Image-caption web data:
────────────────────

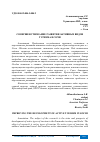 Научная статья на тему 'СОВЕРШЕНСТВОВАНИЕ РАЗВИТИЯ АКТИВНЫХ ВИДОВ ТУРИЗМА В СОЧИ'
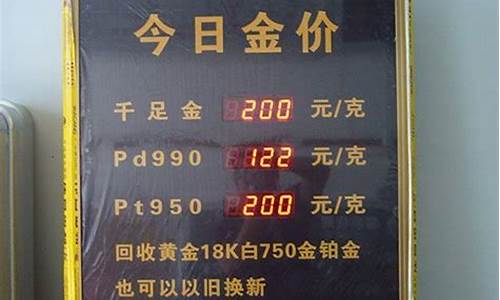 良乡哪里有卖的_良乡那个店金价最低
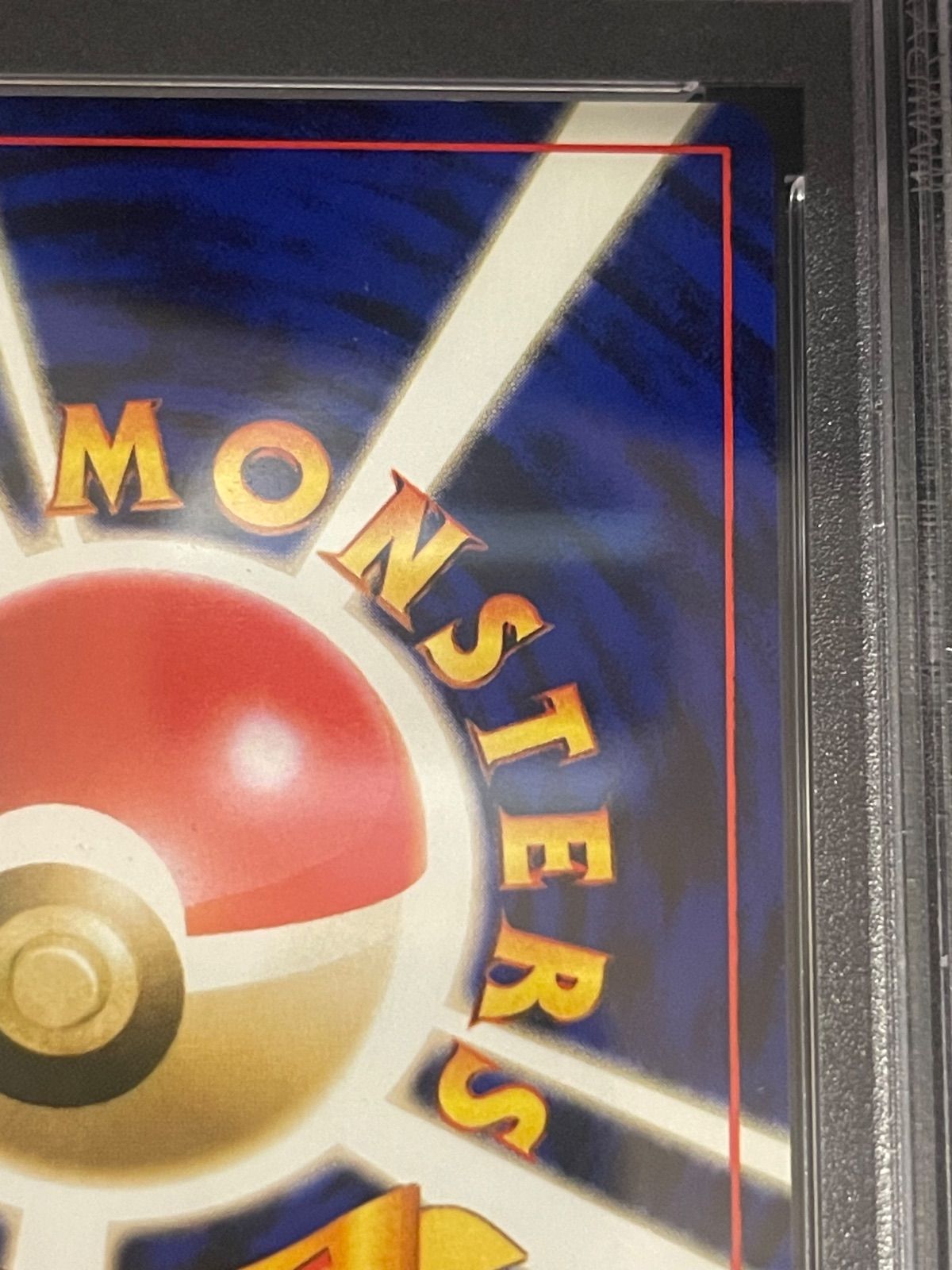 ポケモンカード 1997年 ミュウ 旧裏 化石の秘密 PSA8鑑定品 - メルカリ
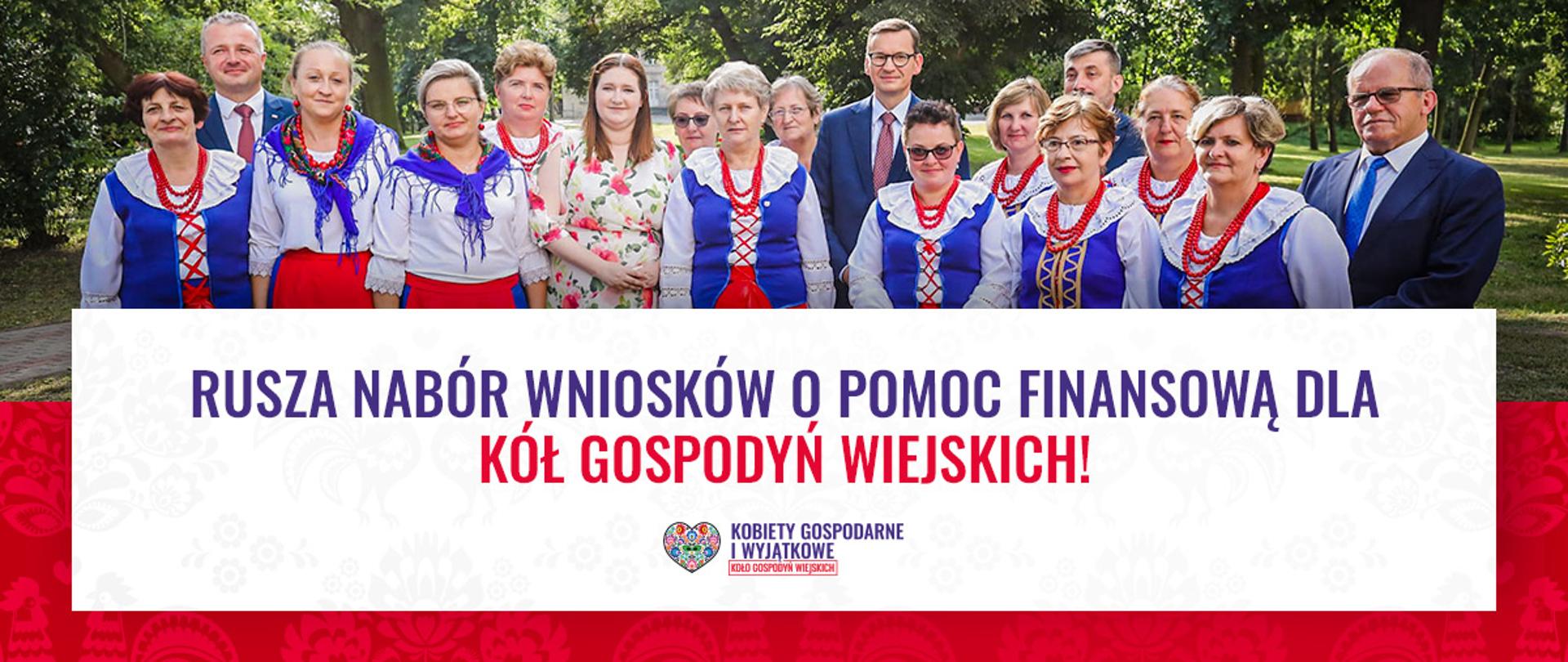 Grafika ze zdjęciem przedstawiającym Premiera Mateusza Morawieckiego oraz wiceminister Annę Gembicką w towarzystwie Koła Gospodyń Wiejskich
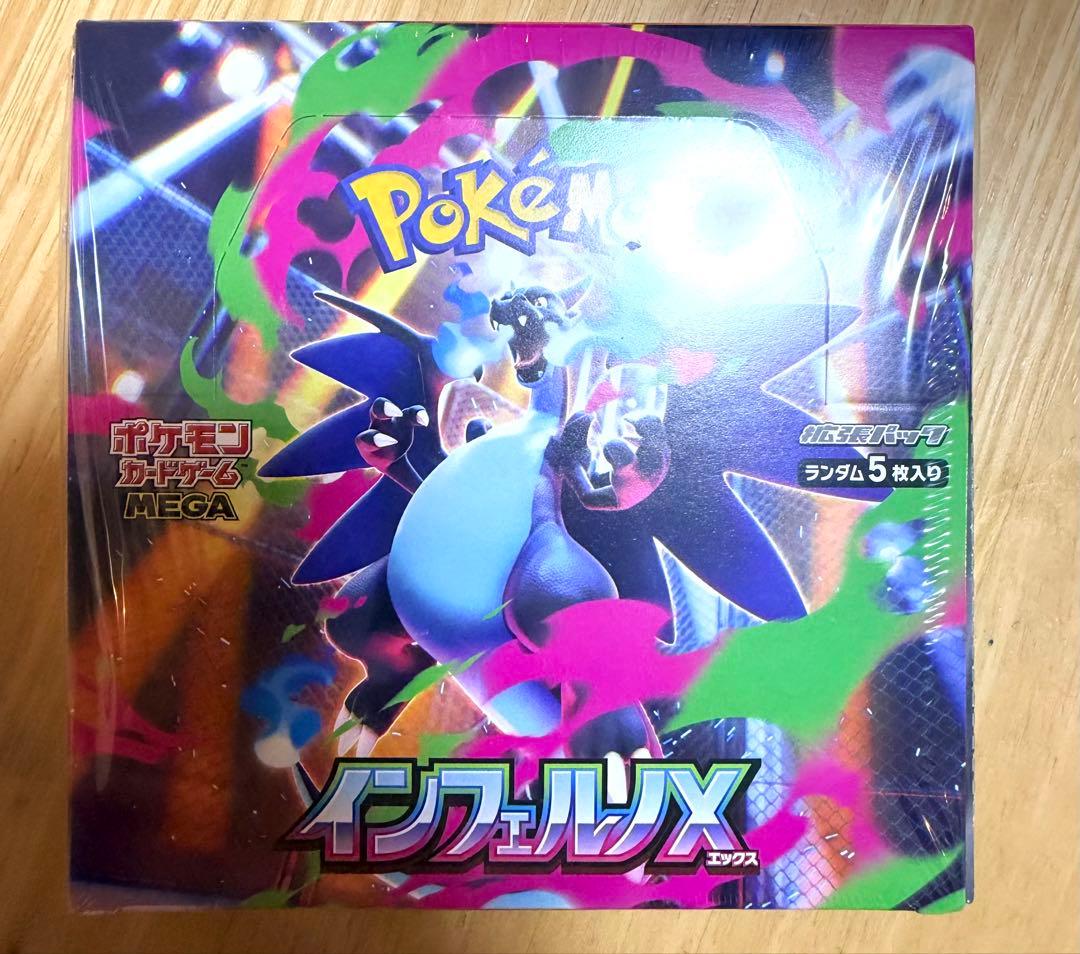 ポケモンカード　インフェルノX シュリンク付き未開封 3BOXセット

────────────────────

PROBLEM TO WORK ON: Repeat the records exactly, without the pictures.

TASK SOLUTION:
 Научная статья на тему 'СОВЕРШЕНСТВОВАНИЕ РАЗВИТИЯ АКТИВНЫХ ВИДОВ ТУРИЗМА В СОЧИ'
 良乡哪里有卖的_良乡那个店金价最低
 ポケモンカード 1997年 ミュウ 旧裏 化石の秘密 PSA8鑑定品 - メルカリ
 Grafika ze zdjęciem przedstawiającym Premiera Mateusza Morawieckiego oraz wiceminister Annę Gembicką w towarzystwie Koła Gospodyń Wiejskich
 ポケモンカード　インフェルノX シュリンク付き未開封 3BOXセット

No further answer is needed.